近ごろは、遺言書も一般的(テレビなどで取り上げられることもあるくらい)になってきて、世の中的にも「なんとなく不吉なもの」・「避けて通りたいもの」という誤解が解消されつつあると思います。

これはやはり、「終活」や「エンディングノート」などといった新しい価値観の登場によるところが大きいと思われます。

個人的には、遺言書をつくるのであれば、事情が許す限り公正証書で遺言書を作ってもらいたいのですが、遺言書自体のハードルが高いということもありますので、とりあえず自筆の遺言書を作ってみよう!と今回はそんなお話です。

遺言書には、一般的に「自筆証書」遺言と「公正証書」遺言、そして「秘密証書」遺言があります。

遺言書と言えば自筆のイメージが強いかもしれませんが、その他にも種類がありまして、それぞれに特徴があります。

自筆証書遺言の特徴は?

自筆証書遺言は、遺言を残す人が、手書きでその全文(遺言書というタイトルも忘れずに)と日付、氏名を自署して押印した遺言です。

用紙は何でも構いません。押印する印鑑は実印(役所に登録した印)が望ましい(基本的に実印は本人が管理しているものなので。)のですが、認印でも構いません。

そして、必ずしも封筒に入れる必要はありませんが、改ざんなどが疑われないように、封筒に入れて糊付けしてとじて、割印を押しておきましょう。

とりあえず、作り方はこれだけなので、手書きのハードルさえ乗り越えれば非常に簡単に、手軽に作ることができる遺言書です。


公正証書遺言の特徴は?

公正証書遺言は、遺言を残す人が、公証人に対して「こんな内容の遺言にしたい」と言うことを伝え、公証人がその内容を公正証書に作成した遺言です。

公正証書遺言の作成には証人2人以上の立ち会いが必要です。
公証人は、遺言を残す人と証人2人に、遺言書の内容を読み聞かせて、それぞれが署名押印(遺言を残す人は実印、証人は認印でも大丈夫です。)して完成となります。

遺言書を残す人が公証役場に行けないときは、公証人に病院や自宅などに来てもらうことができます。(出張費用を加算して支払うことになります。)

なお、未成年者、成年後見人及び被保佐人、遺言を残す人の推定相続人や受遺者(これらの人の配偶者や直系血族を含む)、公証人の関係者は証人になれません。
証人になってもらえる人に心当たりがない場合には、私を含め、当事務所の職員が証人をお引き受けいたします(費用がかかります)。


秘密証書遺言の特徴は?

秘密証書遺言は、遺言書を作成するにあたって、自分で書いても構いませんし、第三者に代筆してもらっても構いません。また、パソコンを使って作成しても構いませんので、書き方は比較的自由です。

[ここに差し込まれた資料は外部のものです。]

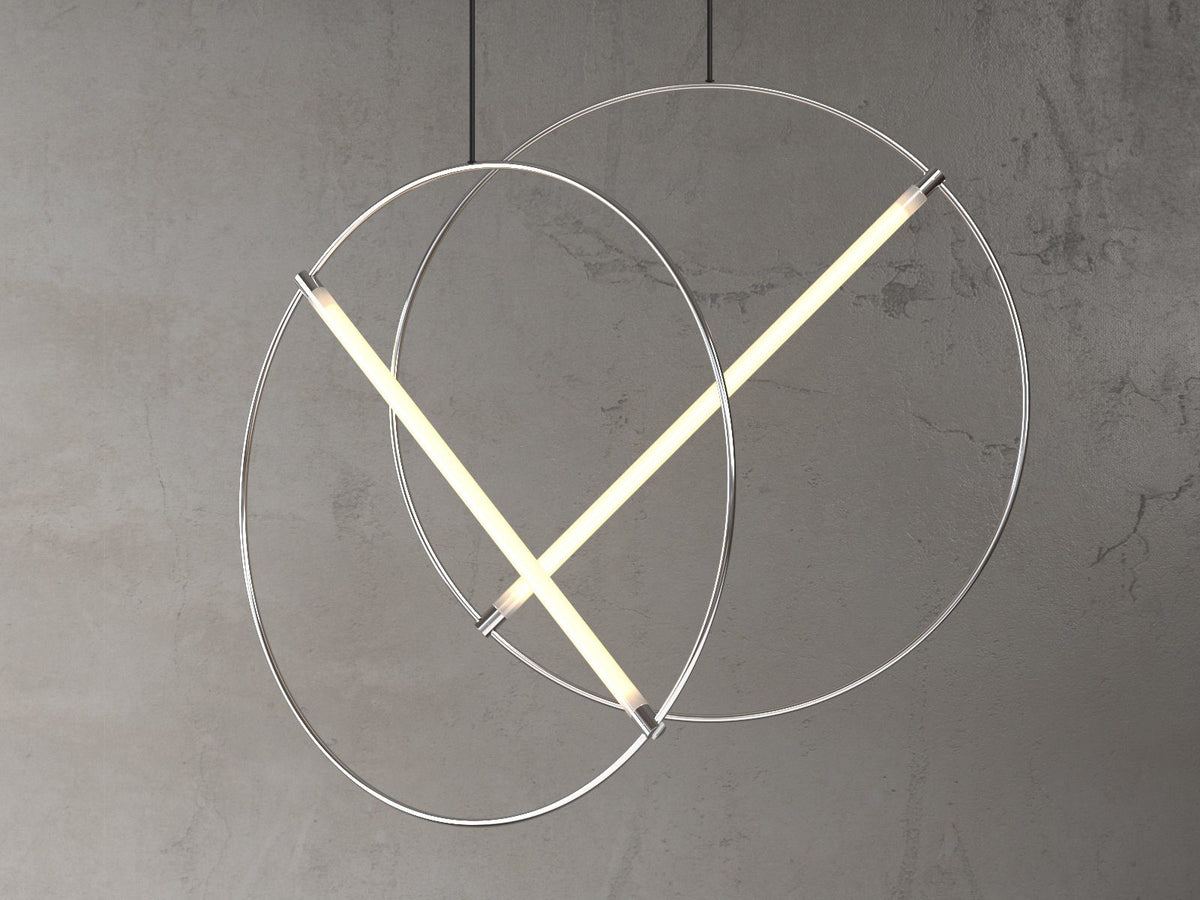 ED046 Hanging Lamp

遺言書が出来上がったら、遺言を残す人が、遺言書に署名押印し、それを封筒に入れて遺言書に押した印鑑で封印します。

封印した後は、その封書を持って公証役場へ行き、公証人と証人2人(公正証書の場合と同じです。)以上の前に封書を提出したうえで、公証人が証書の提出された日付などを封書に記載したて、遺言を残す人・公証人・証人が署名、押印して完成となります。


それぞれに欠点や利点もある

自筆証書遺言は、原本が1通しかありませんから書いた後の管理が難しいことと、亡くなった後に家庭裁判所で検認の手続きが必要となることが欠点ですが、「費用をかけずに、気軽に書ける」という大きな利点があります。

自筆の遺言書では、こんな事例がありました。

相続人がお一人だけの相続のご依頼でしたので、スムーズに手続きが進むと考えておりました。

ところが、戸籍を調査したところ、お父さまに「前妻の子」がいることが発覚し、すべてお一人で相続する予定が、それができなくなってしまいました。

しかも、最終的に遺産分割調停になってしまいました。

そんな中、お父さまが重要書類を保管していた引き出しの底のほうから、一枚の折りたたまれた紙が見つかりました。

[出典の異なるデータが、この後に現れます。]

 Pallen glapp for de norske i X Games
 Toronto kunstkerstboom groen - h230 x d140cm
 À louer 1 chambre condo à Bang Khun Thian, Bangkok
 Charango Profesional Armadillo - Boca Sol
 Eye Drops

そこには自筆で、「すべての財産を長男の〇〇に相続させる。」とかかれてあったのです。つまり、自筆の遺言書が見つかったのです。

法定の様式もきちんと満たしていましたので、調停の場でも遺言書として認められ、前妻の子に全体の2分の1の相続分を分割するところを、4分の1で済んだ。という事例ありました。

分割する財産が、法定相続分の2分の1なのか、遺留分の4分の1で済むのかは、実際には大きな違いです。

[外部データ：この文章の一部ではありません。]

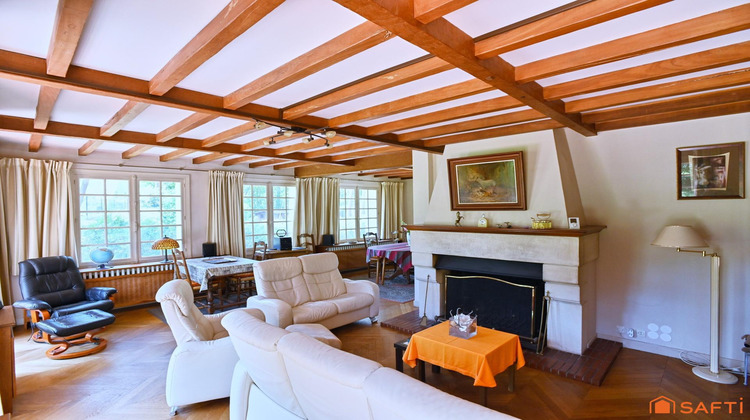 Ma-Cabane - Vente Maison Cucq, 227 m²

公正証書遺言は、公証人や証人の費用はかかるのが欠点ですが、公証人が法的に間違いのない書類を作成してくれますし、公証役場で、遺言者が120歳の年齢になるまで遺言書の原本を保管してくれますので、無くなったり改ざんされたりしない、という利点があります。

秘密証書遺言書は、簡単に作れるのですが、公証人等の費用がかかるので、自筆と公正証書の中間的な存在だと思います。
どちらの利点も欠点も抱えているので、パソコンを使って自分で遺言書を作りたいとか、一定のニーズのある方に限られてくるのかなと思います。(個人的には、今度作ってみたいと思いますが。)

まずは自筆証書遺言書を作ってみよう

遺言書は、必要に迫られて「今すぐに作らなければならない」ということもありますし、まだ本当の内容は決まっていないけれど、事例にもありましたように「とりあえず書いておくと安心だ」ということもあると思います。

多くの方は、後者のほうが多いと思いますので、まずは、書き直しが簡単にできる自筆の遺言書を作られることをおススメします。

一度書いたきりで、これで決まり!
とはせずに、「面倒を見てくれているから」とか、「あいつはなかなか帰ってこない」とか、そんな様々な事情を勘案しながら、何度か書き直しつつ気持ちを整理して、こうしようという方針が決まったら、最期は公正証書遺言にする。
というステップが安心・安全・納得の遺言書を作るうえでおススメです。


今回は、とりあえず自筆で遺言書をかいてみませんか? ということについて書かせていただきましたが、いかがでしたか?